We determined the genotype of 670 symptomatic LQTS patients (Table 1⇓). Table 2⇓ shows the number of patients with unknown trigger, with ≥1 of the 3 classified triggers, and with other nonclassifiable triggers. In 200 cases (30%), it was either not possible to identify with certainty the trigger involved (n=116) or the trigger differed from the 3 main categories chosen for analysis (n=84). Cardiac events were induced by 2 different triggers in only 10% of LQT3 patients compared with 25% of LQT1 patients (P=0.04) and 20% of LQT2 patients (NS). Of clinical relevance, among the 105 patients with 2 triggers, only 2 (2%) had events in “opposite” conditions (ie, exercise and sleep/rest without arousal).
There was no difference between the triggers for the genotyped patients and for the obligate gene carriers whose genotype had not been documented.
Triggers and Cardiac Events
Figure 1⇓ shows the relation among the 3 subgroups, the 3 classified triggers, and other triggers. The pattern for LQT1 is very distinctive, with most events (62%) occurring during exercise and only a very small minority (3%) occurring during rest/sleep. This is in sharp contrast with the pattern shown by LQT3 patients, for whom only 13% of the events occurred during exercise and 39% occurred at sleep/rest. LQT2 patients have an intermediate pattern, with only 13% occurring during exercise and most of the remainder (43%) occurring with emotional stress.
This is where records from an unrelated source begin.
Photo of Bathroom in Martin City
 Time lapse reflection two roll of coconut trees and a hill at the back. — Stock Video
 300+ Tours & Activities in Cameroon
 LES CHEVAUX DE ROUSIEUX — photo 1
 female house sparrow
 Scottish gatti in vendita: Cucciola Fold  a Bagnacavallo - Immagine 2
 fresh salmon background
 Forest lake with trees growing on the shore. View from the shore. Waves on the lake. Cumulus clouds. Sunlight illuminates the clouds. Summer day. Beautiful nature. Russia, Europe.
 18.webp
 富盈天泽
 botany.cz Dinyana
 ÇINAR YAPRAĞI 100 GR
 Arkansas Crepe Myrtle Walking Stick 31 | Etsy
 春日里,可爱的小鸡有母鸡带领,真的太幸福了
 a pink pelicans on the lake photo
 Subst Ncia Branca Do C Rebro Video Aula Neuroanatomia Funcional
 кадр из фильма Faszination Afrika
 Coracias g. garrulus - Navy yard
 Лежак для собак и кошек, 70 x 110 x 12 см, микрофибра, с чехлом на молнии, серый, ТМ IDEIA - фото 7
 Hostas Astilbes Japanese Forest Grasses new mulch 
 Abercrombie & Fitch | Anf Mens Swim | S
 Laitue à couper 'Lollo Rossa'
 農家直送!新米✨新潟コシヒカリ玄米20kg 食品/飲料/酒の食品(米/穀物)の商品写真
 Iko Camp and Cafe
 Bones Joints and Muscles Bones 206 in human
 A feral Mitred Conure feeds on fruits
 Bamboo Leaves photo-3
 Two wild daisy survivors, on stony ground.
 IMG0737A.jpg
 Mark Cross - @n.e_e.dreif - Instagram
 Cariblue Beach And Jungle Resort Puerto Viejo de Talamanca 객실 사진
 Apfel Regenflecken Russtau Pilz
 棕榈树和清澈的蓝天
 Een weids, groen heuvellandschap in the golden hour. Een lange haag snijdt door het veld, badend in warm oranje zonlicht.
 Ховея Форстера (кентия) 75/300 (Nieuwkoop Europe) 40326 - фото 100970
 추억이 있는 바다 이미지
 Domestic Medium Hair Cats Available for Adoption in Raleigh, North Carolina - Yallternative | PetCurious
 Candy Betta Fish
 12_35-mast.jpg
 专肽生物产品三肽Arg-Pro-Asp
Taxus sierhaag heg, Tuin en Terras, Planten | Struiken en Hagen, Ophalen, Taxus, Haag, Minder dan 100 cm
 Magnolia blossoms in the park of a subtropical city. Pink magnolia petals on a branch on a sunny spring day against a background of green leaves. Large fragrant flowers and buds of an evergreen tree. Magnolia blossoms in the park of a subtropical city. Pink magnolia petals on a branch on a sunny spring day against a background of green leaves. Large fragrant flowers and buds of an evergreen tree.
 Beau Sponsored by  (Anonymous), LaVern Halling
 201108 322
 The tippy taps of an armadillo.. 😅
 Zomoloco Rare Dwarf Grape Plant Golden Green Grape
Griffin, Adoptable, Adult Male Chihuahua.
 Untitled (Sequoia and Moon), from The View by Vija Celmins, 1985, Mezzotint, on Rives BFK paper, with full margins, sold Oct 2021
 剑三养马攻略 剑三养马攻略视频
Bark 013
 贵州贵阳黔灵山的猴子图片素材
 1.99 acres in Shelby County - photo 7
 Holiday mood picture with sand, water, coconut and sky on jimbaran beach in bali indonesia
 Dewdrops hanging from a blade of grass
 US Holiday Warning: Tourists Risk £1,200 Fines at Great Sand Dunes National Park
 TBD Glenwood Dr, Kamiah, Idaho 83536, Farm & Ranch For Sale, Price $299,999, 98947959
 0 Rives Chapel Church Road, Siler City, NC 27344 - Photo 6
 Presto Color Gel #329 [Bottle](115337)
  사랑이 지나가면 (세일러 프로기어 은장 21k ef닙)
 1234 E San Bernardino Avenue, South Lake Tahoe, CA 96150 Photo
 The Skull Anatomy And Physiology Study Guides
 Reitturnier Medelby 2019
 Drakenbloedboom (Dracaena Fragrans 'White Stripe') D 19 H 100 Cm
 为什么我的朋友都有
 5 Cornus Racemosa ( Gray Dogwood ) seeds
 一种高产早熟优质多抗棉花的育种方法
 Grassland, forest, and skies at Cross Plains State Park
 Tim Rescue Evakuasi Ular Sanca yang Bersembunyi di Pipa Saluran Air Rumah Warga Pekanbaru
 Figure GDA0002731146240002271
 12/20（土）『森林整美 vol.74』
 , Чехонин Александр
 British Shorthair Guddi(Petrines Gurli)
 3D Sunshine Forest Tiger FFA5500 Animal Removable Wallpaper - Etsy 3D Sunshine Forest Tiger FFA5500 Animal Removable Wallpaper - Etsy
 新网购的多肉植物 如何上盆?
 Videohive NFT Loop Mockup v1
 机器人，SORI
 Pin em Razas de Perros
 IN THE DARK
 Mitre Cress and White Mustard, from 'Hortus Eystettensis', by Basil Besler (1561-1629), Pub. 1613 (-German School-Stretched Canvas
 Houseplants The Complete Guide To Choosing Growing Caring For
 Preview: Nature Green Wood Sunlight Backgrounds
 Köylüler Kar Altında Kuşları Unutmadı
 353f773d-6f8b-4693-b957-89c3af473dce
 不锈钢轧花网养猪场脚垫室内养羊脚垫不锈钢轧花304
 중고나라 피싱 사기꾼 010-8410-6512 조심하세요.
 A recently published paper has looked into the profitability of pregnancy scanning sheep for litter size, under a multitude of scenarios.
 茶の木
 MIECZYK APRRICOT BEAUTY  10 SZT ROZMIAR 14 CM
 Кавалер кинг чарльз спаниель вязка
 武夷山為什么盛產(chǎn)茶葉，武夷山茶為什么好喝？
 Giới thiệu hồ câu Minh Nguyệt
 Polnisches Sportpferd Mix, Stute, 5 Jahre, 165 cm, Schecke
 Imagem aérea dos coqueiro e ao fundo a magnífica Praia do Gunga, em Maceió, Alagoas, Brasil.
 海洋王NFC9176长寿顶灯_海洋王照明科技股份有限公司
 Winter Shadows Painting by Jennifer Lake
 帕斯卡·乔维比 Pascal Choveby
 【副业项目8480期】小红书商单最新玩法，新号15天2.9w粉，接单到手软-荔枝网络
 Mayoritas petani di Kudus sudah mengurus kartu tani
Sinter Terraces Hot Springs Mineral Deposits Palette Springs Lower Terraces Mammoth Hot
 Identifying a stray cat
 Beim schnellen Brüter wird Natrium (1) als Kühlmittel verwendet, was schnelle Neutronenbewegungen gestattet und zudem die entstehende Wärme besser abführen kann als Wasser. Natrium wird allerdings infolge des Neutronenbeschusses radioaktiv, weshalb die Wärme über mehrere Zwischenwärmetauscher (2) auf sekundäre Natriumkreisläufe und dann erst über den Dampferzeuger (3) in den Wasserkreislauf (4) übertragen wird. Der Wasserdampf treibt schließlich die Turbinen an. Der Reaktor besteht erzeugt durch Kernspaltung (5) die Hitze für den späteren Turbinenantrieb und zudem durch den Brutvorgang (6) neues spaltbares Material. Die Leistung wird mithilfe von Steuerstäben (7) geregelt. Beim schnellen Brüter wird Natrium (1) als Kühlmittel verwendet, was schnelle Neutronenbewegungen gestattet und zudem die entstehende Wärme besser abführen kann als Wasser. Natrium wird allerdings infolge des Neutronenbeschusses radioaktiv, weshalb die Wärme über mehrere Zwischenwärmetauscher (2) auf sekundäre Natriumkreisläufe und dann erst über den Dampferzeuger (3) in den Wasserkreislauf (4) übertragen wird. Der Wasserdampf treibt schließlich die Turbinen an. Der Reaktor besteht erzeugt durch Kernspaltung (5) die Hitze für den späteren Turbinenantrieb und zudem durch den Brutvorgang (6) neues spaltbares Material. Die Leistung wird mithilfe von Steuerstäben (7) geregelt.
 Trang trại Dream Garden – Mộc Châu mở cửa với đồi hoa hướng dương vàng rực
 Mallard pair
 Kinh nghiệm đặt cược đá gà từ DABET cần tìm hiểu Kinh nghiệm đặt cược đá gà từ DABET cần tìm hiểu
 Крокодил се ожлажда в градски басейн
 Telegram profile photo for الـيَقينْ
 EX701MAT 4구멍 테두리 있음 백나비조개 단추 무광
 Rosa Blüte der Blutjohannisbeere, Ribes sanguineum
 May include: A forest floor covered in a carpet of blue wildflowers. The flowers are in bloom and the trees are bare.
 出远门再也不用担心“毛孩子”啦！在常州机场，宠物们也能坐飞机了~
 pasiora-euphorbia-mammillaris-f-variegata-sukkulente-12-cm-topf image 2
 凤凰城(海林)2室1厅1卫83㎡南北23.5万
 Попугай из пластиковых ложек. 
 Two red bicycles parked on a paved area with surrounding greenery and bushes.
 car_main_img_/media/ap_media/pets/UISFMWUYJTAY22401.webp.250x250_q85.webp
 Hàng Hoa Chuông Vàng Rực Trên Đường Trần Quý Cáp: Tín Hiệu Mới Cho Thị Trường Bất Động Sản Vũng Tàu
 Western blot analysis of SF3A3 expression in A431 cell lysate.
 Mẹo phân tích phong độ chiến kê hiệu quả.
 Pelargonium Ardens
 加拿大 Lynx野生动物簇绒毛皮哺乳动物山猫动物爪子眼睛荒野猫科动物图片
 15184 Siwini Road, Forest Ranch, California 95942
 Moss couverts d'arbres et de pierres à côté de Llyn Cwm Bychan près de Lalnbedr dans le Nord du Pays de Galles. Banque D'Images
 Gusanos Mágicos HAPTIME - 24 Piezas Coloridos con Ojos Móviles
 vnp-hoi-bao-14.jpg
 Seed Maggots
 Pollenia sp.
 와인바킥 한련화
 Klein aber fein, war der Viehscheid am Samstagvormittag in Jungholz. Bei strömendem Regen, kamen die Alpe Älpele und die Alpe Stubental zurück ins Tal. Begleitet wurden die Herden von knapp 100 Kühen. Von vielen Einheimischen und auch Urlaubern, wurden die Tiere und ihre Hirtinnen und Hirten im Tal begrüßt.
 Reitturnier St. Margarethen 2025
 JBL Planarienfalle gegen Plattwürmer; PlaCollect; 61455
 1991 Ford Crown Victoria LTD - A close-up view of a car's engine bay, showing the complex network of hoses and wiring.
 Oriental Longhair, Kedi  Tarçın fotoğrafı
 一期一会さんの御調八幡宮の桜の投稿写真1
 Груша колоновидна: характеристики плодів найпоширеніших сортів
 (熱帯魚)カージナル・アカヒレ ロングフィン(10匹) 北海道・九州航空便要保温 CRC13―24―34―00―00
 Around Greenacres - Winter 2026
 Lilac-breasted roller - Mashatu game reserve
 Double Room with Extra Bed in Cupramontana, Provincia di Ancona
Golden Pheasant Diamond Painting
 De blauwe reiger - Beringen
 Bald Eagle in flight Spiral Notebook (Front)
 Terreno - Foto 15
The frequency of lethal events (cardiac arrest and sudden death) was affected by the genotype; the rate increased from 28% for LQT1 to 40% for LQT2 to 49% for LQT3 patients. This high mortality rate depends on the noninclusion of asymptomatic patients.
The pattern observed for lethal events was similar to that for all events (ie, including syncope), but it did accentuate the differences between LQT1 versus LQT2 and LQT3. Figure 2⇓ shows that 68% of lethal events occurred during exercise for LQT1, whereas this never occurred for LQT2 and occurred in only 4% of cases for LQT3 patients. By contrast, 49% and 64% of lethal events occurred during rest/sleep without arousal for LQT2 and LQT3 patients, respectively, whereas this occurred in only 9% of cases for LQT1 patients.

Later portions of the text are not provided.